## AVAILABLE DATA
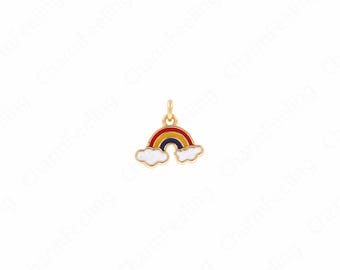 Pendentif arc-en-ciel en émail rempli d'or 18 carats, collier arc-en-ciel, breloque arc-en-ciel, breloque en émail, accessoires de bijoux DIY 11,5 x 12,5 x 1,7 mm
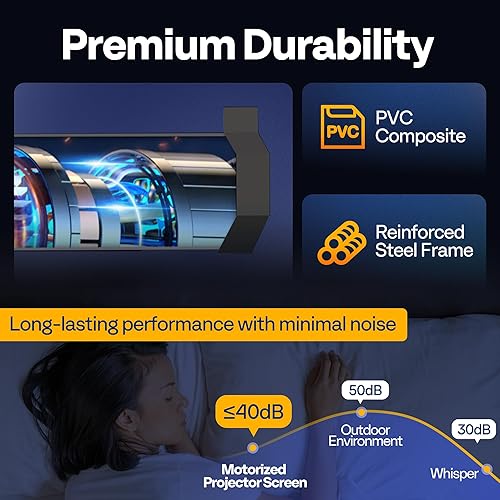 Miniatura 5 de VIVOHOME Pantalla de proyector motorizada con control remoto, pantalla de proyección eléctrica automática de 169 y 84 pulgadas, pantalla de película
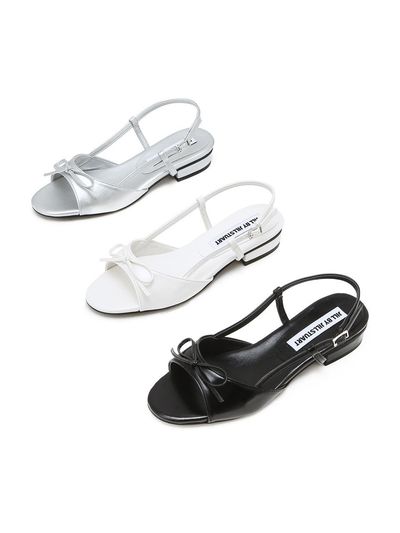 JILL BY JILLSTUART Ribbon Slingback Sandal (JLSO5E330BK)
---
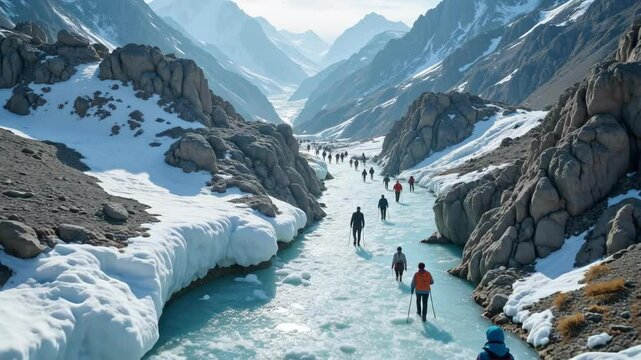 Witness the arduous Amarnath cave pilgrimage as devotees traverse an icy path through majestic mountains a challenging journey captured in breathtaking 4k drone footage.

## ACTIVITY
Among the entries above, copy exactly the stretch from the line holding "Miniatura 5 de" through the line holding "JILL BY JILLSTUART", leaving out any pictures.

## ANSWER TO THE EXERCISE
 Miniatura 5 de VIVOHOME Pantalla de proyector motorizada con control remoto, pantalla de proyección eléctrica automática de 169 y 84 pulgadas, pantalla de película
 JILL BY JILLSTUART Ribbon Slingback Sandal (JLSO5E330BK)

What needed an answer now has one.